Methionine can easily be oxidized to the corresponding sulfoxide and this may occur during peptide synthesis and cleavage.  Fortunately, this oxidation can be readily reversed.  In some cases, methionine sulfoxide derivatives are used as side-chain protected methionine in peptide synthesis and then are reduced back to methionine residues following synthesis and cleavage.

Method 1

  1. Dissolve the peptide in water (approximately 100 mL/ mg of peptide).  Adjust the pH of the peptide solution to 8.0 with triethylamine.
  2. Cool the mixture in an ice bath.  Add mercaptoethanol (4 mL/ mg of peptide) and 1 M ammonium fluoride (4 mL/ mg of peptide).
  3. Stir the mixture in an ice bath for 30 minutes.
  4. Lyophilize the solution to obtain the crude product.

Method 2

  1. Dissolve the peptide in 10% v/v aqueous acetic acid (approximately 200 mL to 1000 mL / mg of peptide)
  2. Add 2-10 mg of N-(methyl)mercaptoacetamide.
  3. Warm the solution at 37 °C under inert atmosphere for 24 to 36 hours.  The reaction can be monitored by HPLC.
  4. Lyophilize the mixture to obtain the crude peptide.

 


[1] Atherton, E.; Sheppard, R. C.; Ward, P. J. Chem. Soc., Perkin Trans.1 1985, 2065-2073.

[2] Marbach, P.; Rudinger, J. Helv.Chim.Acta 1974, 57, 403-414.

[3] Fujii, N; Otaka, A.; Watanabe, T.; Okamachi, A.; Tamamura, H.; Yajima, H; Inagaki, Y.; Nomizu, M.; Asano, K. J. Chem. Soc., Chem. Commun. 1989, 283.
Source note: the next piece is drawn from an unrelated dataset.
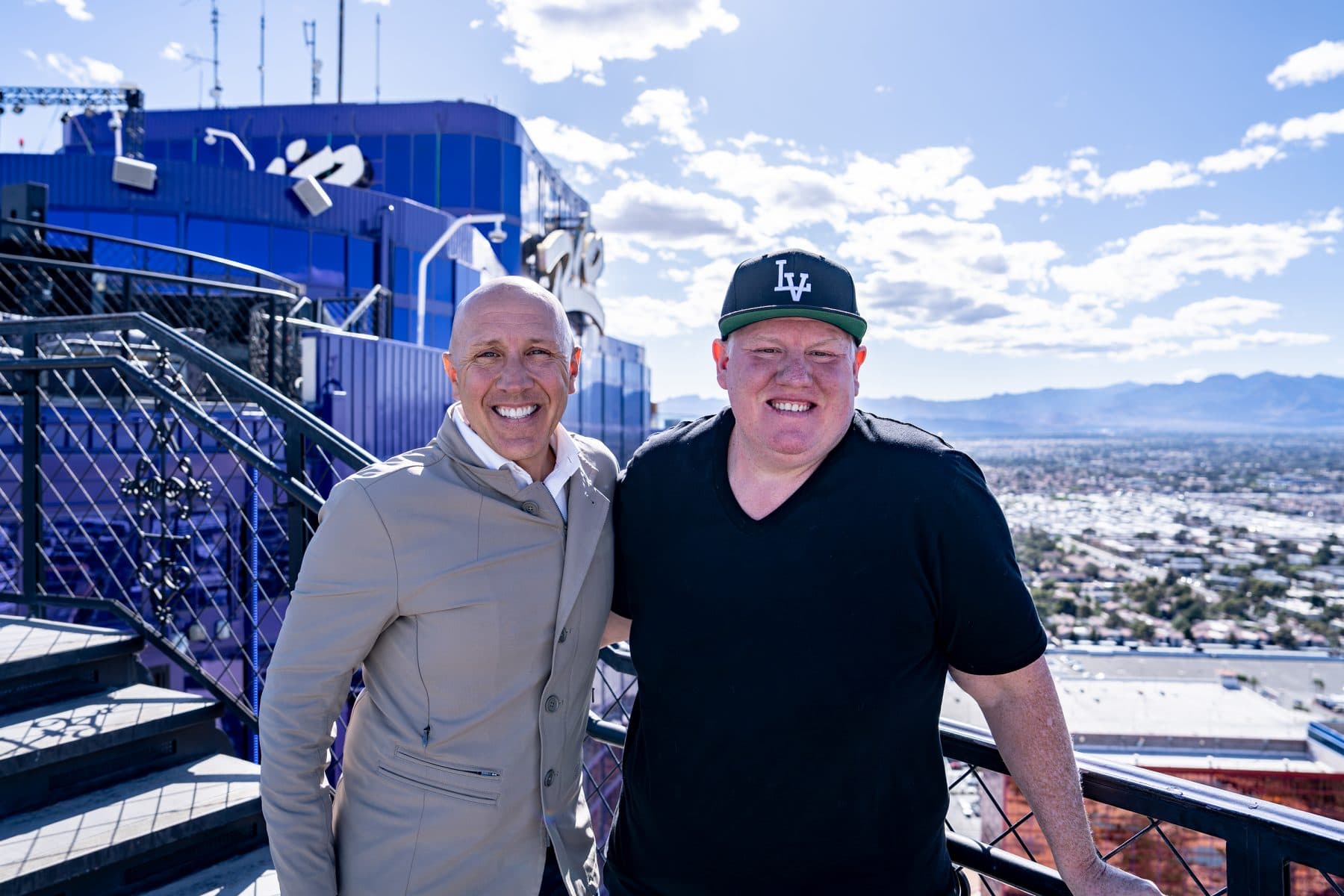 Rio Hotel & Casino Announces New Restaurant Concept from Acclaimed Chef James Trees: High Steaks Vegas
[4] Kamber, B.; Hartmann, A.; Eisler, K.; Riniker, B.; Rink, H.; Sieber, P.; Rittel, W. Helv. Chim. Acta 1980, 63, 899-914.

[5] Marbach, P.; Rudinger, J. Helv.Chim.Acta 1974, 57, 403-414.
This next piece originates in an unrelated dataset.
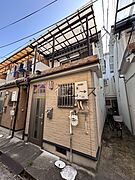 徳庵駅より徒歩17分 築99年7ヶ月 2階建の賃貸物件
[6] Sieber, P.; Kamber, B.; Riniker, B.; Rittel, W. Helv. Chim. Acta 1980, 63, 2358-2363.

[7] Based of the procedure in Uhmann, R.; Bayer, E. Liebigs Ann. Chem. 1974, 1955-1964.

[8] Lee, J.; Griffin, J. H.; Nicas, T. I. J. Org. Chem. 1996, 61, 3983-3986.
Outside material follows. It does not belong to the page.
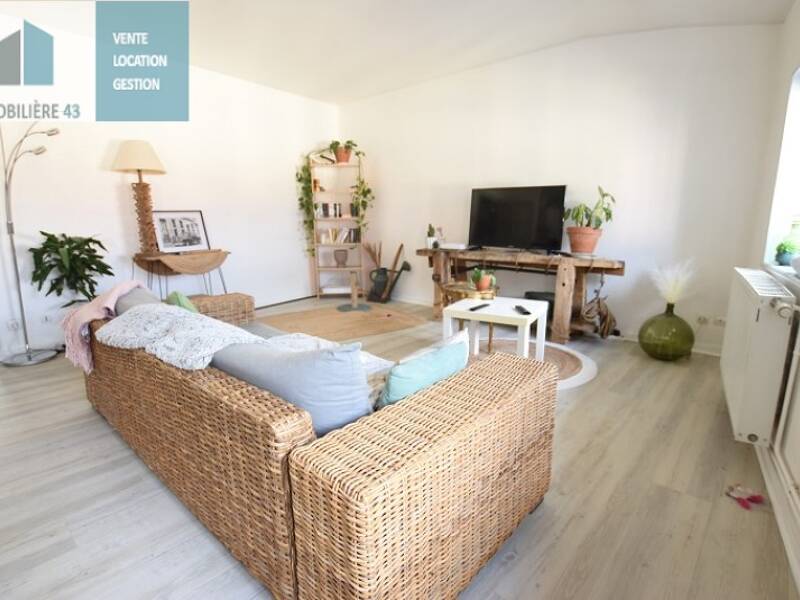 Maison à louer, 64m², LE PUY EN VELAY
[9] Based on the procedures in Bycroft, B. W.; Chan, W. C.; Chhabra, S. R.; Hone, N. D. J. Chem. Soc., Chem. Commun. 1993, 778-779 and Chhabra, S. R.; Hothi, B.; Evans, D. J.; White, P. D.; Bycroft, B. W.; Chan, W. C.; Tetrahedron Lett. 1998, 39, 1603-1606.

[10] Based on Diaz-Mochon, J. J.; Bialy, L.; Bradley, M. Org. Lett., 2004, 6, 1127-1129.

[11] Based on Li, D; Elbert, D. L. J. Pept. Res., 2002, 60, 300-3.

[12] Based on Chowdhury, S. K.: Chait, B. T. Anal. Biochem. 1989, 180, 387-395.

[13] Yajima, H.; Fujii, N.; Funakoshi, S.; Watanabe, T.; Murayama, E.; Otaka, A. Tetrahedron 1988, 44, 805-819.